Published in Graphics

AMD officially launches the new Radeon R9 390 series

by on18 June 2015


Hawaii GPU becomes Grenada with a slight overclock

In addition to the Radeon R7 300 graphics card which should hold the entry-level fort, the Radeon R9 380 for the mid-range market segment and the flagship Fury lineup, AMD's higher-end lineup will be represented by rebranded Radeon R9 290 series, which got a slightly higher clocks and more memory.

While the Radeon R9 390 series might be based on the same Hawaii GPU as the Radeon R9 290 series, now called the Grenada GPU, it did get some improvements in terms of more memory as well as faster GPU and memory clocks.

Based on 28nm manufacturing process, the Grenada GPU is based on AMD's Graphics Core Next 1.1 architecture and in the case of the Radeon R9 390X, packs 2816 Stream Processors, 176 Texture Units and 64 ROPs, just like the Radeon R9 290X.

The Radeon R9 390 is based on a cut-down version, now called the Grenada Pro GPU, and packs 2560 Stream Processors in 40 Compute Units, 160 Texture Units and same 64 ROPs.

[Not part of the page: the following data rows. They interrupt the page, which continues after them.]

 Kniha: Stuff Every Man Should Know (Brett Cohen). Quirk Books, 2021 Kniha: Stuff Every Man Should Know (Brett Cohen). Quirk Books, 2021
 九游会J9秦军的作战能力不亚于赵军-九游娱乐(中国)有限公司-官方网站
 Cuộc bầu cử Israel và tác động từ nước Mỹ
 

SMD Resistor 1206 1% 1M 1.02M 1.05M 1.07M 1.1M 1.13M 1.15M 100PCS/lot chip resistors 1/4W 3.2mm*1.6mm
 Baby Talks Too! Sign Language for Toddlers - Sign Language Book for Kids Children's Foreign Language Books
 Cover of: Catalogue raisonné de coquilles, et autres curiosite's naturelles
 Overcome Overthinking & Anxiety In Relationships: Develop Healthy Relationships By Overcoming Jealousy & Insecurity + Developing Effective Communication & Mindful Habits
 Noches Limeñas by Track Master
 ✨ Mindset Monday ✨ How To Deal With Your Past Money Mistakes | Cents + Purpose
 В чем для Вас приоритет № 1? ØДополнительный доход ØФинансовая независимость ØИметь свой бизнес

In order to justify the rebranding, AMD has equipped both members of the Radeon R9 390 series with 8GB of GDDR5 memory clocked at slightly higher 1500MHz (6.0GHz effective). The memory is still paired up with a 512-bit memory interface for a memory bandwidth of up to 384 GB/s. The TDP on both graphics cards is set at 275W and they both need 6+8-pin PCI-Express power connectors.

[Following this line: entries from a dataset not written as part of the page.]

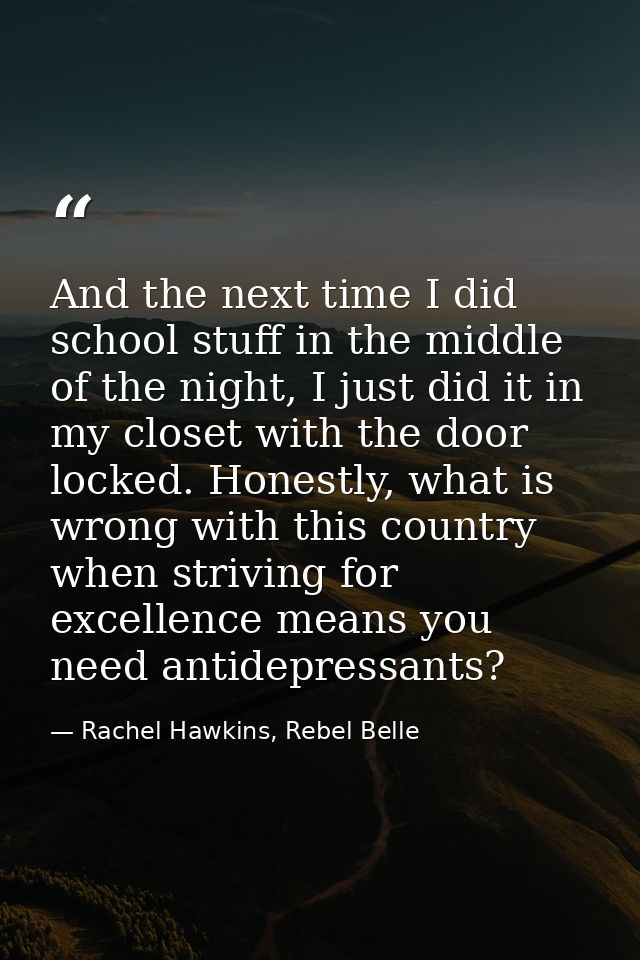 And the next time I did school stuff in the middle of the night, I just did it in my closet with the door locked. Honest — Rachel Hawkins, Rebel Belle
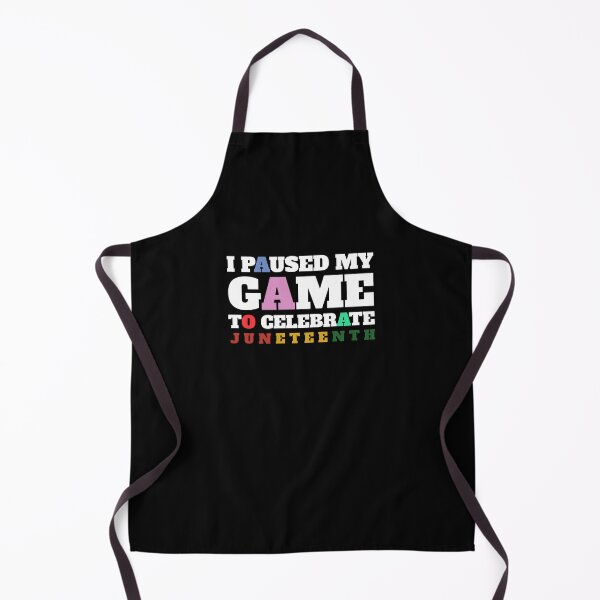 Item preview, I Paused My Game To Celebrate Juneteenth designed and sold by Denti Kanys ⭐⭐⭐⭐⭐.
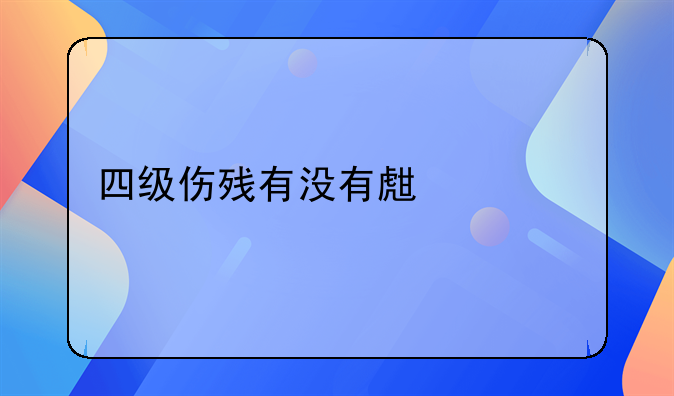 四级伤残有补助吗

As noted, the memory is not the only one that got a slight overclock as the GPU on the R9 390X got raised to up to 1050MHz while the R9 390 will end up working at up to 1000MHz.

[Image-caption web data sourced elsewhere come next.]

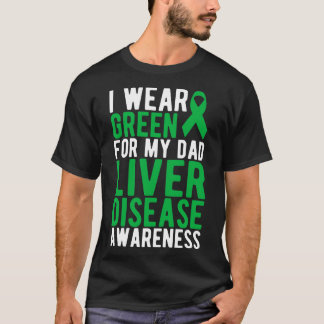 T-shirt Foie Je porte du vert pour mon père de la maladie 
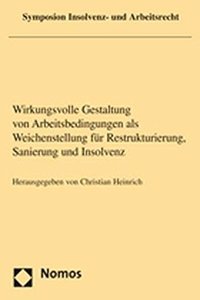 Wirkungsvolle Gestaltung Von Arbeitsbedingungen ALS Weichenstellung Fur Restrukturierung, Sanierung Und Insolvenz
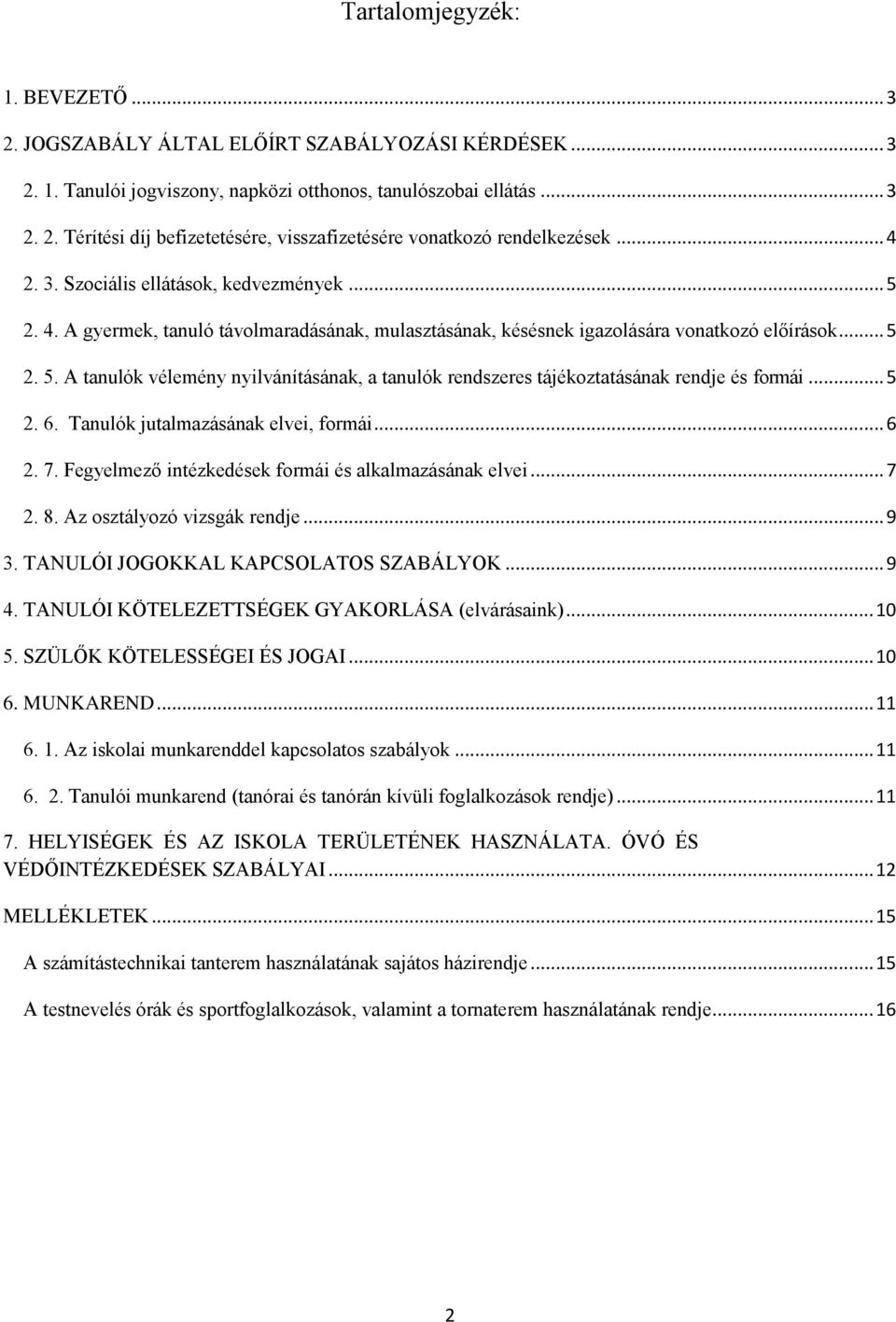 .. 5 2. 6. Tanulók jutalmazásának elvei, formái... 6 2. 7. Fegyelmező intézkedések formái és alkalmazásának elvei... 7 2. 8. Az osztályozó vizsgák rendje... 9 3.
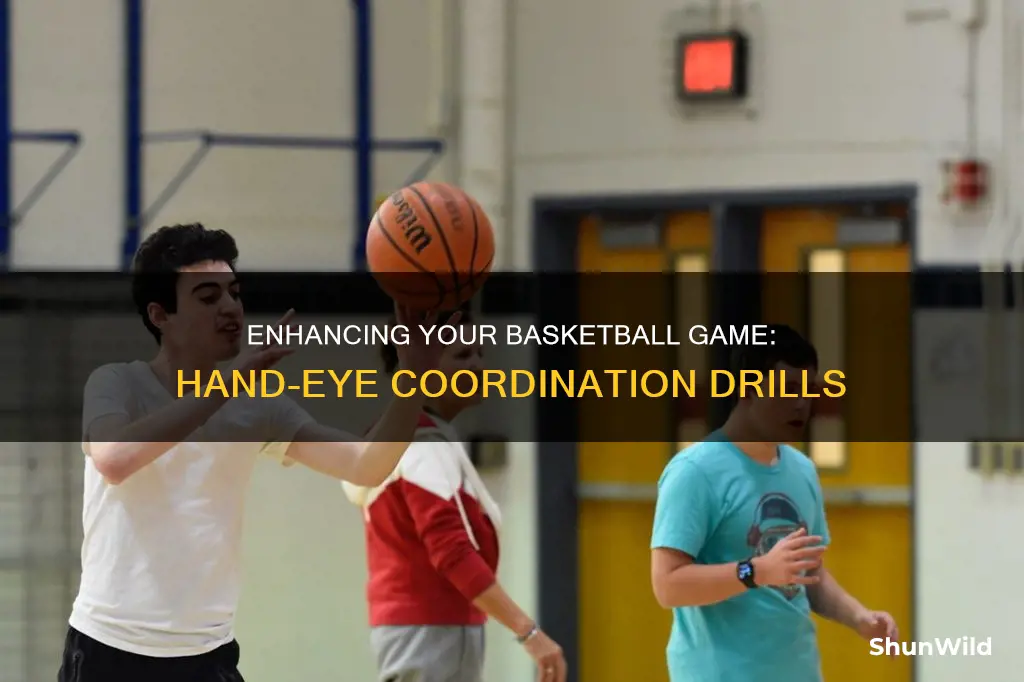 how to improve hand eye coordination for basketball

With the price set at US $429, AMD puts the R9 390X somewhere between the Geforce GTX 970 and the GTX 980 while the Radeon R9 390, with US $329 price tag, should be a decent competition for the GTX 970.

While AMD markets the R9 390 series as affordable graphics card for 4K/UHD gaming, you will be far from maximum settings on such high resolution, but you certainly be able to max out any game at 1440p.

What is quite interesting is that you can actually find some lower clocked Radeon R9 290X graphics card, based on the same GPU, in major retail/e-tail shops priced at around €380 or so, which makes them quite a deal, at least until the stock is cleared.